What is required: From first line to last, transcribe the listing exactly and skip any image.

Source data:
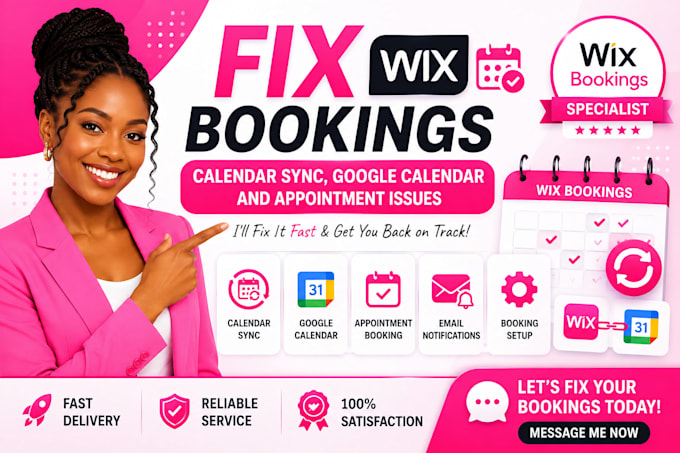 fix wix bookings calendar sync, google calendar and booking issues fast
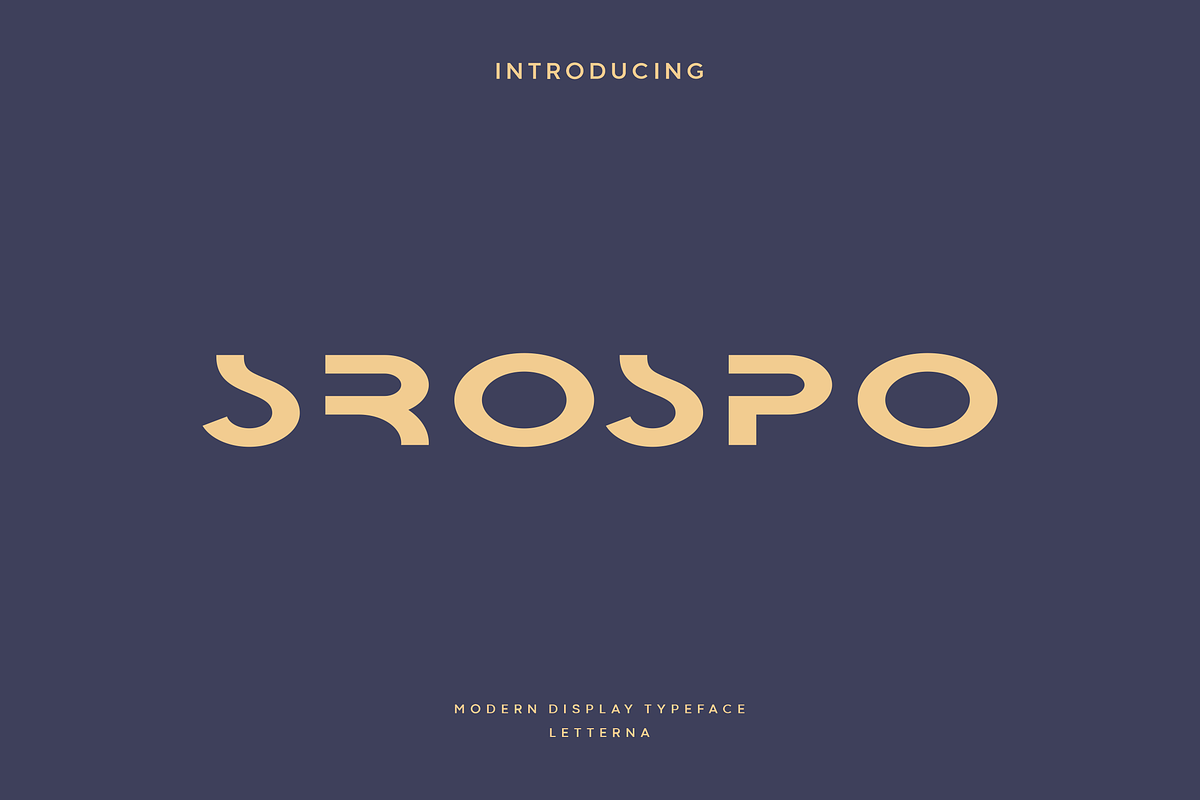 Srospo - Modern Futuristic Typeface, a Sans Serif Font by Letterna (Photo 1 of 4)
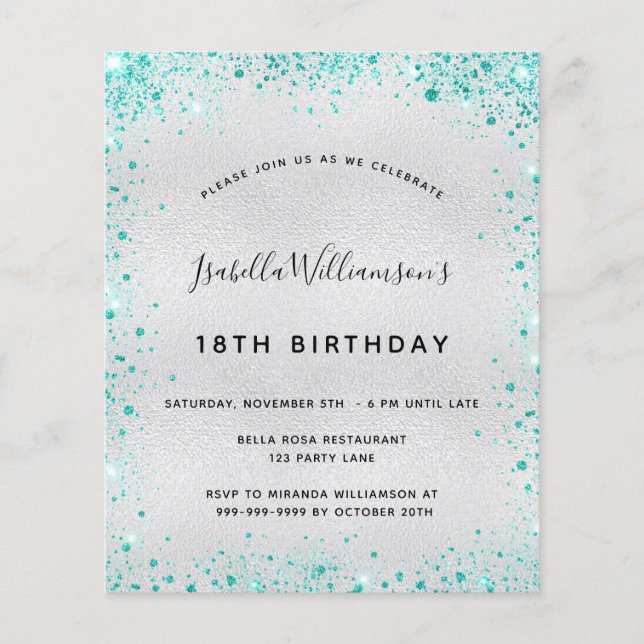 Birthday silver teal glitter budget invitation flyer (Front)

Exercise response:
 fix wix bookings calendar sync, google calendar and booking issues fast
 Srospo - Modern Futuristic Typeface, a Sans Serif Font by Letterna (Photo 1 of 4)
 Birthday silver teal glitter budget invitation flyer (Front)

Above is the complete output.